I’ll be the first to admit that I can wander around a little bit in my style. Sometimes the trousers are slimmer, and sometimes they’re wider. There’s been more denim recently. And a lot of popovers – though I’m not sure that’s obvious. Many of my fits gravitate toward some intersection of workwear and dadcore, I think, with a more-than-lingering fondness for patchwork and loafers that goes back to my younger days. Throw some wannabe cowboy and dirtbag in there too. And then there’s what seems to be a growing tendency to Google things I like and find out that they are big in Japan. That may be walnut-overdyed denim, or boots with triple leather soles and two kinds of leather.


Oh, and back to my my shoes. They are often the wrong color, or too many of them are anyway. I did just finally acquire a pair in black.

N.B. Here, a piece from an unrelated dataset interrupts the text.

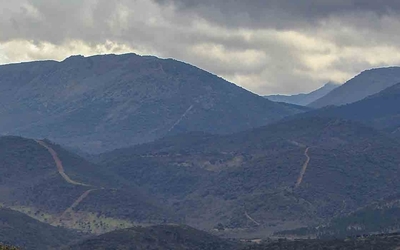 Valle de Alcudia y Sierra Madrona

Living where there are seasons (albeit including one that can best be described as ‘generally grey,’ in a way that’s reminiscent of Dickens’ description of London at the open of Bleak House, but without the mud so much because of paving) means I get to wear long coats and shearling collars and alpaca lining (these are warm!) and boots and sweaters and leather jackets, but also linen and indigo-dyed tees and, maybe a bit more now, washed denim. I’ll skip the shorts, and for some reason I never end up with sneakers.


I have a vision of my style reaching a point of elegant deshabille, though good old American acquisitiveness has made this hard to realize. That’s my fault, of course. Not the clothing’s. Don’t blame the clothing. I’m getting there with a few things, but looking back through my SF photos I also realize I own, ahem, a few garments I haven’t worn in a while.

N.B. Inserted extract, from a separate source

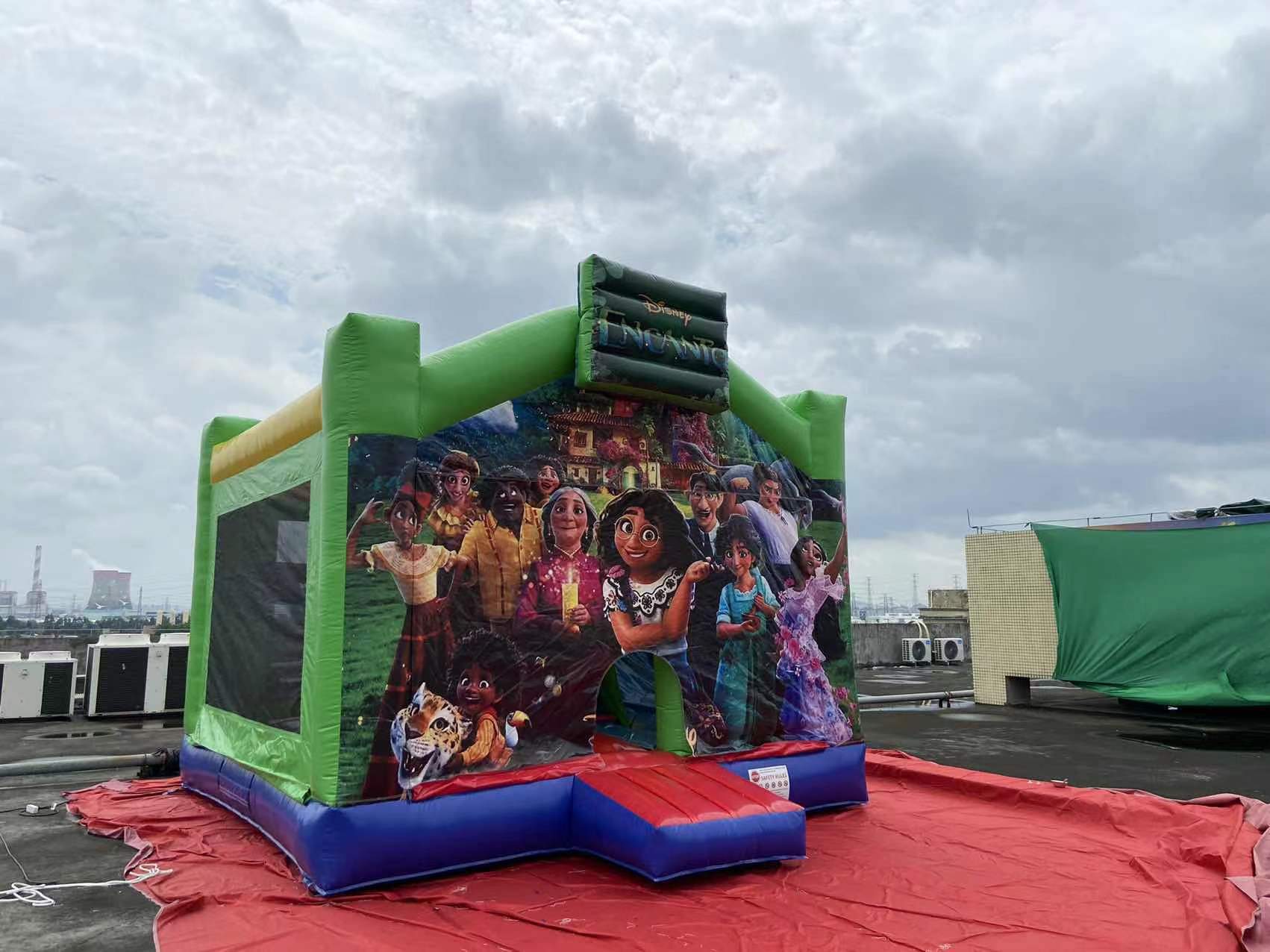 Encanto Jumping Castles for Kids party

So now you know how we got here. And maybe a little about where it all may be going. But don’t put too much down on the black, you play it and the red comes up. In the end, you may just find me rolling off a freight and down an embankment in sight of the Panamints, dusty and ecstatic, the undyed leather on my jacket and boots gone orange and red like the sun behind me reflecting on the peaks. In silence, but not by the sea. And on the other side, it won’t be the heat that gets me. It will be the humidity.

4 thoughts on “Member Focus: Frank Cowperwood

  1. Great article. You always have a really great way of putting things together in a very cohesive way. Thanks for the insight in this article.

    • Thanks Gerry! I think maybe I should have had my copy editor go over it… I will NOT have it fact checked though.